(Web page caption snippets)
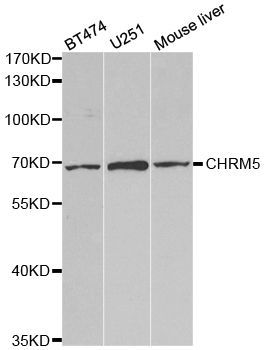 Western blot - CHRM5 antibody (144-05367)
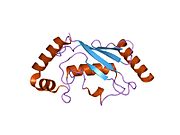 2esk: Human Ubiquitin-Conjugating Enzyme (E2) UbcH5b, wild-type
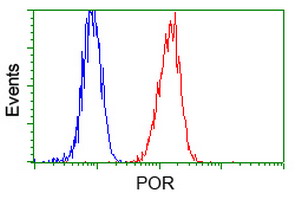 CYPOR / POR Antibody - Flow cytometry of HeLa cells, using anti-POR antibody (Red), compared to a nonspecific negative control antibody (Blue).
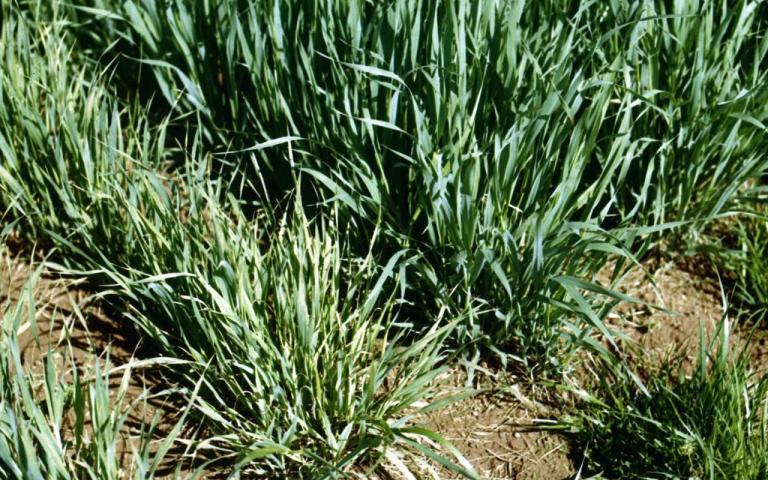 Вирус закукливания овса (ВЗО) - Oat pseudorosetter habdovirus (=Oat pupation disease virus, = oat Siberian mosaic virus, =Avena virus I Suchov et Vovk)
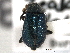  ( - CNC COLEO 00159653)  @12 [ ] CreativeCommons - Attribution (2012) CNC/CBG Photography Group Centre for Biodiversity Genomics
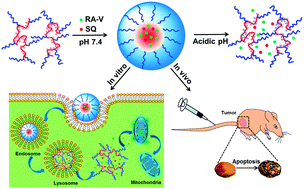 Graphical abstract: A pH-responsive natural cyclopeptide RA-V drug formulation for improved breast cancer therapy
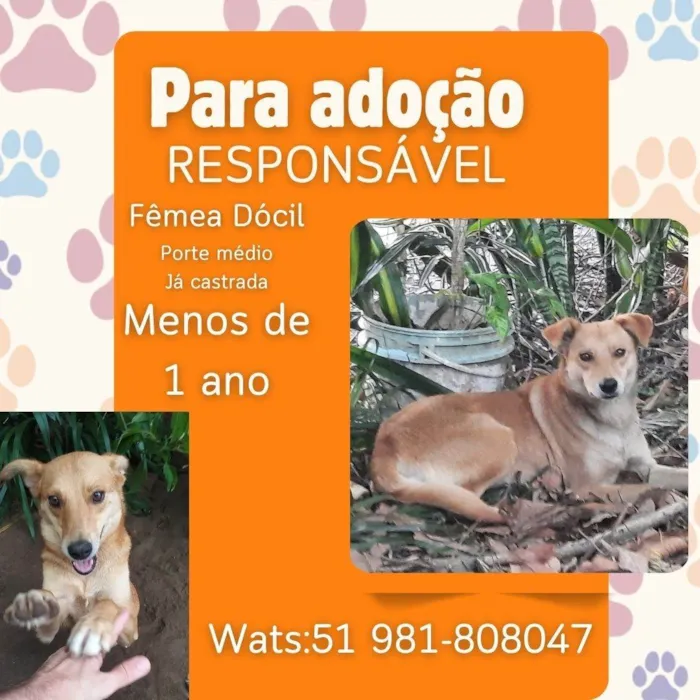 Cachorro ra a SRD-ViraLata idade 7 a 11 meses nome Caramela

# [Required action]
With the pictures left out, write out exactly the lines from the line containing "Graphical abstract: A" through the last line of the entries above, both ends included, and no others.

# [Written response]
 Graphical abstract: A pH-responsive natural cyclopeptide RA-V drug formulation for improved breast cancer therapy
 Cachorro ra a SRD-ViraLata idade 7 a 11 meses nome Caramela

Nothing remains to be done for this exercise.